Terra Mítica is located in the resort town of Benidorm, in the south-eastern corner of Spain. The name translates literally as mythical land, and as such it was no surprise to see that it is largely themed after ancient Egypt and ancient Greece, with sprinklings from other parts of the world. The theming was of a very high standard throughout, making this one of the most picturesque parks I've visited to date.
Our morning began with an ERS on Magnus Colossus (#210), one of only a handful of wooden coasters built by the Roller Coaster Corporation of America. We had been forewarned that this ride wasn't one of their outstanding achievements, and with that in mind I decided to queue for a front seat ride to start with; the idea of missing part of the exclusive session didn't worry me much. Much to my surprise the ride turned out to be fairly decent, if a little bit on the jarring side. The park staff were extremely accommodating and allowed us to use cameras during our session, so I was able to take some excellent on-ride photographs. As an aside, this ride makes a very odd noise when it is out on course, that is quite different to what one would expect from a typical wooden coaster. Does anyone know why this is?
We caught a quick lap on the Alucinakis (#211) junior coaster on the way to Triton's Fury, a giant splash ride featuring two drops just like the one at Port Aventura. This marked the first truly funny moment of the trip; after one circuit, the ride operator asked if we'd like to stay on, so we went around again. Most people got out after three rounds, but I and two others stayed on for a fourth go. By the end of four circuits on a giant splash ride with two drops, we were, not surprisingly, completely drenched. Nevertheless the baking Spanish heat ensured we didn't stay that way for long.

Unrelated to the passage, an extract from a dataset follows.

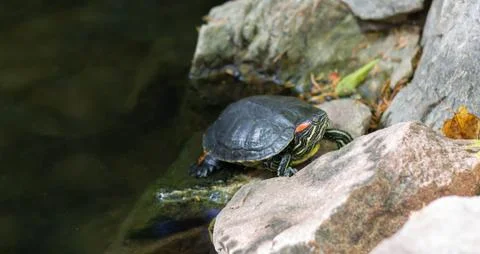 Red-eared slider turtle or trachemys scripta elegans reptile is resting on po Stock Photos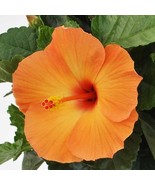 CLK 100 Orange Hibiscus Seeds Hibiscus Rosa-sinensis Garden Flowers Seed - $8.20 CAD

Some simulator rides are too aggressive to be fun, and The Lost Temple falls into that category. Riders are thrown from side to side with considerable force, and the result is far from comfortable. The resultant bruising, coupled with utterly incomprehensible rapid fire Spanish, made this one of two attractions here that I frankly didn't enjoy at all. The other was the shiny new suspended looping coaster, Tizona (#212), which left me with my first Vekoma headache of the trip. It was telling that I enjoyed the Tren Bravo powered coaster considerably more than the apparent star attraction!
We shared a boat on the Rapids of Argos with a local family, and quite possibly prevented a nasty accident by doing so. A small child who decided to stand up mid way round the course just as the boat entered a particularly rough area of water. Both George and I yelled at him to sit down; his parents, also in the boat, were completely oblivious to the danger. Never stand up on an amusement park ride, folks.
Icaros was a contender for the slowest wave swinger in the known universe. The experience was quite frankly boring, though it could easily have been fixed by doubling the speed of the motor. Rather better was the Laberinto del Minotauro, a Sally Corp target shooting dark ride. For some reason this model did not feature any scoring, though it wouldn't have made any difference since more than half the targets were not working properly. The scenes themselves were well done though; this ride could be very good with a bit of work.
After enduring The Lost Temple this morning I was not enthused about riding another simulator, but The Mystery of Keops was so unique that we had to give it a try. The mechanics for this attraction have been built into a Pyramid which really looks the part, even down to the magnificent frescoes on the wall of the queue line. Passengers board a single large gondola which moves up and down very slowly between different scenes. This was clearly one of the first rides to go into the park; though the technology is a bit dated now it is still an interesting ride.
We finished the day with a highly enjoyable show called Barbarosa (Red Beard).